### Work to complete
Exactly the lines below, starting with the one containing "Harley Davidson" and going on through the one containing "штаны matthew Joop!", must be reproduced, both ends included, and no pictures with them.

[Opening Extracted material section]

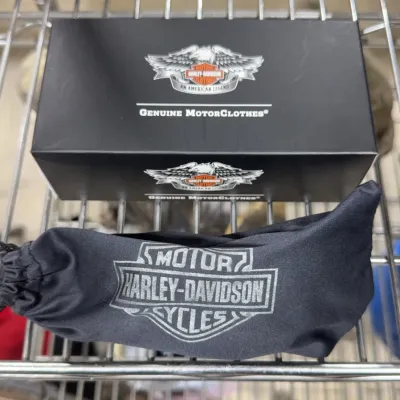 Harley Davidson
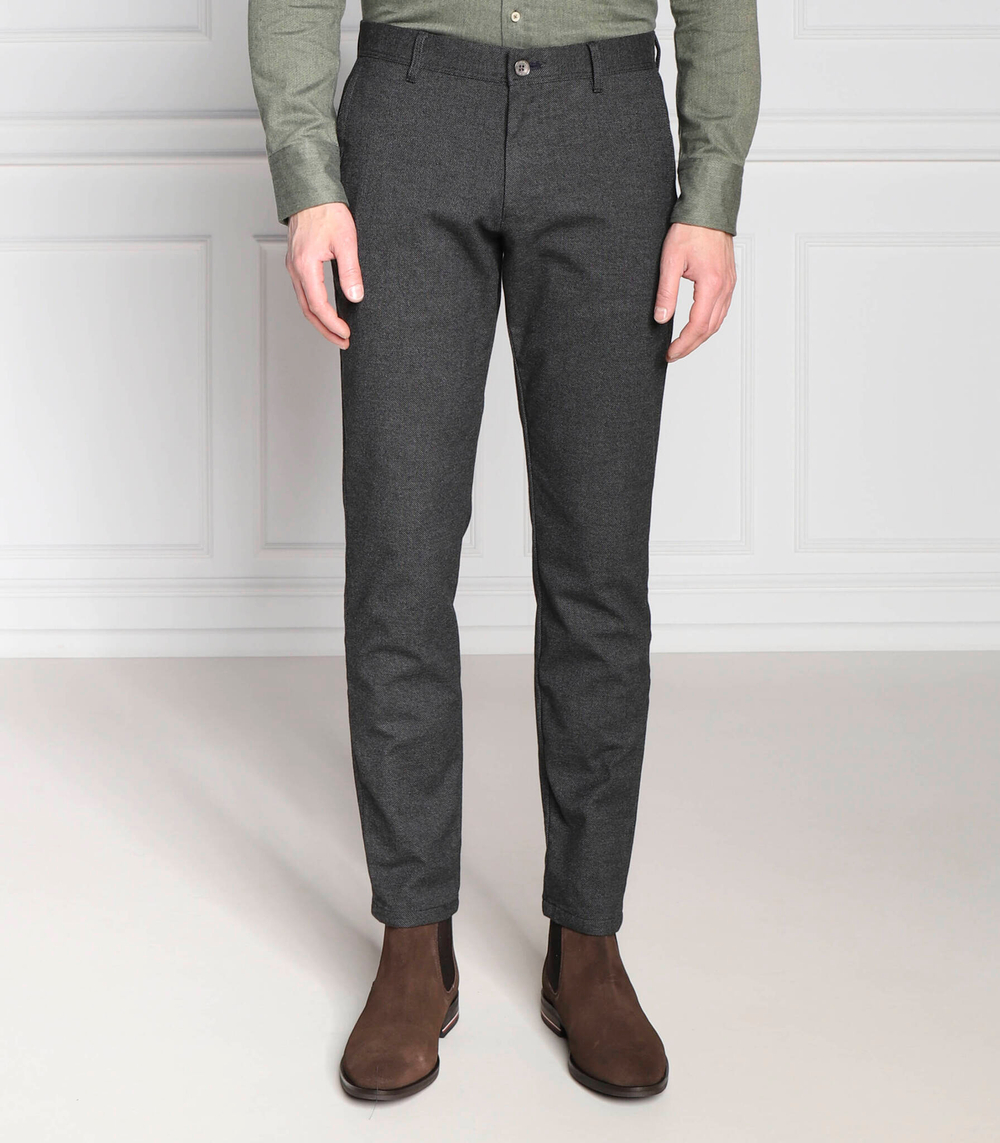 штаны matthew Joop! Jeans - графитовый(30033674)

[Closing Extracted material section]
[Opening Extracted material section]

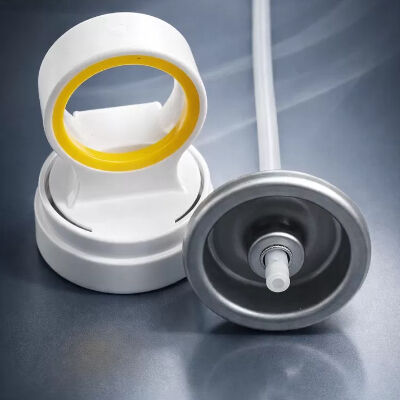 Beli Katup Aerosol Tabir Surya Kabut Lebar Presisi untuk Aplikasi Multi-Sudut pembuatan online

[Closing Extracted material section]

### Written solution
 Harley Davidson
 штаны matthew Joop! Jeans - графитовый(30033674)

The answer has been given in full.